Next, the standard definition of $arccos$ does not include the full input plane, so we form a continuous extension to $\mathbb{R}^2 \setminus \mathbb{R}^+$. (We exclude the point intersecting $\mathbb{R}^+$ with $\theta = 0$ or $\theta = 2 \pi$). With an abuse of notation, we will still refer to this continuous extension as $arccos$. An interesting application of this definition of $arccos$ is that $\mathbb{R}^3 \setminus 0$ is not homologically trivial, which is an exercise in Munkre's Analysis on Manifolds.

$$\phi_1 = \arccos \left( r_1 r_3^{-1} \cos \left( \theta_1 \right) \right)$$ $$\phi_2 = \arccos \left( r_1 r_3^{-1} \frac{ sin (\theta_1) }{sin (\phi_1)} \right)$$ $$\phi_3 = \arccos \left( r_2 r_3^{-1} \frac{ \cos \left( \theta \right) }{ \sin \left( \phi_1 \right) \sin \left( \phi_2 \right) } \right)$$

Fortunately, the other direction is simpler to compute.

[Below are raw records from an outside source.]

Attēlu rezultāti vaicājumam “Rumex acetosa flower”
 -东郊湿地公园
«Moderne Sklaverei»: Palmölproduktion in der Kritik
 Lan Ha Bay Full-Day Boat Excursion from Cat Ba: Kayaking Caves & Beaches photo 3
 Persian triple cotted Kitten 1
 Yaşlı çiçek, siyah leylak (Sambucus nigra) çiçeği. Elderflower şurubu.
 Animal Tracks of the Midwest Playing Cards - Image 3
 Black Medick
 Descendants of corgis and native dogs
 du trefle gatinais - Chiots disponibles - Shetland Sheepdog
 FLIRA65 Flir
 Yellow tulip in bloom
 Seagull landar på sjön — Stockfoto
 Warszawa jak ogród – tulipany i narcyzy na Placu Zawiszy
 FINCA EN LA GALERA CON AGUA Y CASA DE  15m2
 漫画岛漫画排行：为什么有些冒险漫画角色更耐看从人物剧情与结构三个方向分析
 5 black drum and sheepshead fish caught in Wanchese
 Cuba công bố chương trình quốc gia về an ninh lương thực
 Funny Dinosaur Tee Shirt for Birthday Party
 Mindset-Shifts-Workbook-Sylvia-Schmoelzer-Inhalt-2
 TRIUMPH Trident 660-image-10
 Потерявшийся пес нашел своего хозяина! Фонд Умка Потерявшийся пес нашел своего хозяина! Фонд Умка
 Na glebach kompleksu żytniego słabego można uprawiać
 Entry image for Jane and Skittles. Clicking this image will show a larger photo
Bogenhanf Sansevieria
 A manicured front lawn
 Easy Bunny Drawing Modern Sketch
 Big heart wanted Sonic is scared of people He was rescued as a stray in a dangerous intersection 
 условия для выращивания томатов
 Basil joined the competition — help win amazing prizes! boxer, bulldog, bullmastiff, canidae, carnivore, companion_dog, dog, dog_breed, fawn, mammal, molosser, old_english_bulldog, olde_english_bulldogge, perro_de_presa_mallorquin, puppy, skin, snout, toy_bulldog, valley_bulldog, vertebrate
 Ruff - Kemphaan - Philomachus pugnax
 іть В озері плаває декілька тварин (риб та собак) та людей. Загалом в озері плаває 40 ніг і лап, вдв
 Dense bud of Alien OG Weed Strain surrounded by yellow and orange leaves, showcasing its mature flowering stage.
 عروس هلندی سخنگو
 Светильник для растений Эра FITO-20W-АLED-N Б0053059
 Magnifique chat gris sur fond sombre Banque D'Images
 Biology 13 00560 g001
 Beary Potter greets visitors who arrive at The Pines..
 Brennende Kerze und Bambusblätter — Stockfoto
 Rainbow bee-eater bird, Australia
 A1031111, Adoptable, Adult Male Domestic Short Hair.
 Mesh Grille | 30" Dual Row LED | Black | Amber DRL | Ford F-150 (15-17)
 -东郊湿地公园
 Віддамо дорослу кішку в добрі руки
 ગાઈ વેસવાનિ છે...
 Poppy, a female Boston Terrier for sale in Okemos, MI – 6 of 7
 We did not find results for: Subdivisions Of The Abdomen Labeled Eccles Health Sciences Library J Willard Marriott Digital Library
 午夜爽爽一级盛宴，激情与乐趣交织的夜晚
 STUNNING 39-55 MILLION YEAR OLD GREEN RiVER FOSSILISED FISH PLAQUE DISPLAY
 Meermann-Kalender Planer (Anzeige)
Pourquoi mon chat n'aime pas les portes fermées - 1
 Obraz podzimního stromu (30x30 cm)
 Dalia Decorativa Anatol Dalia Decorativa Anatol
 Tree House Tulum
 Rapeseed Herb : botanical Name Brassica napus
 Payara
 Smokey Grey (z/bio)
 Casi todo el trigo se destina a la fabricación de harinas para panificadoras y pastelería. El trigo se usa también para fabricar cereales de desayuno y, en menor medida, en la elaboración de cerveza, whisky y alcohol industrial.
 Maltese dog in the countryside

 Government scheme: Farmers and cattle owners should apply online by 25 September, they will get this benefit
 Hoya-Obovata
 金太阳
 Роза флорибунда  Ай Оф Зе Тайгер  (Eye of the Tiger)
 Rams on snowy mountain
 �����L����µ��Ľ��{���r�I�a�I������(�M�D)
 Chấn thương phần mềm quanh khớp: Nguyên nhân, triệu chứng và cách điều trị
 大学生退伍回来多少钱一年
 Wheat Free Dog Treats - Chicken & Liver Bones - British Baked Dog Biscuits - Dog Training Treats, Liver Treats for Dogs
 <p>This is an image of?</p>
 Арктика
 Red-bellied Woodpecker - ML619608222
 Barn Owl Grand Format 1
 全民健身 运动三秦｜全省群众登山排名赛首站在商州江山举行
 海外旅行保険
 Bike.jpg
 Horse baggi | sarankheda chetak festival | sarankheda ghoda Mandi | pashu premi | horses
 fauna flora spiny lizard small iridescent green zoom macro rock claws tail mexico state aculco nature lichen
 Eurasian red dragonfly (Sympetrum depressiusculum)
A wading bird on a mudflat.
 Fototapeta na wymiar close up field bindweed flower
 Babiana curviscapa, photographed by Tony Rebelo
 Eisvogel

$$\theta_{1} = \arccos(r_3 r_1^{-1} \cos \left( \phi_1 \right))=\arcsin \left( r_3 r_1^{-1} \sin \left( \phi_1 \right) \cos \left( \phi_2 \right) \right)$$

$$\theta_2 = \arccos \left( r_3 r_2^{-1} \sin \left( \phi_1 \right) \sin \left( \phi_2 \right) \cos \left( \phi_3 \right) \right)=...$$

$$\frac{ r_1 \cos \left( \theta_1 \right) }{ \cos \left( \phi_1 \right) } = \frac{ r_1 \sin \left( \theta_1 \right) }{ \sin \left( \phi_1 \right) \cos \left( \phi_2 \right) }$$

$r_1 = \left|\frac{ \cos \left( \theta_1 \right) }{ \cos \left( \phi_1 \right) } - \frac{ \sin \left( \theta_1 \right) }{ \sin \left( \phi_1 \right) \cos \left( \phi_2 \right) }\right|^{-1}$ provided that $cos(\phi_1)\neq0$, $cos(\phi_2)\neq 0$, and $sin(\phi_1)\neq 0$.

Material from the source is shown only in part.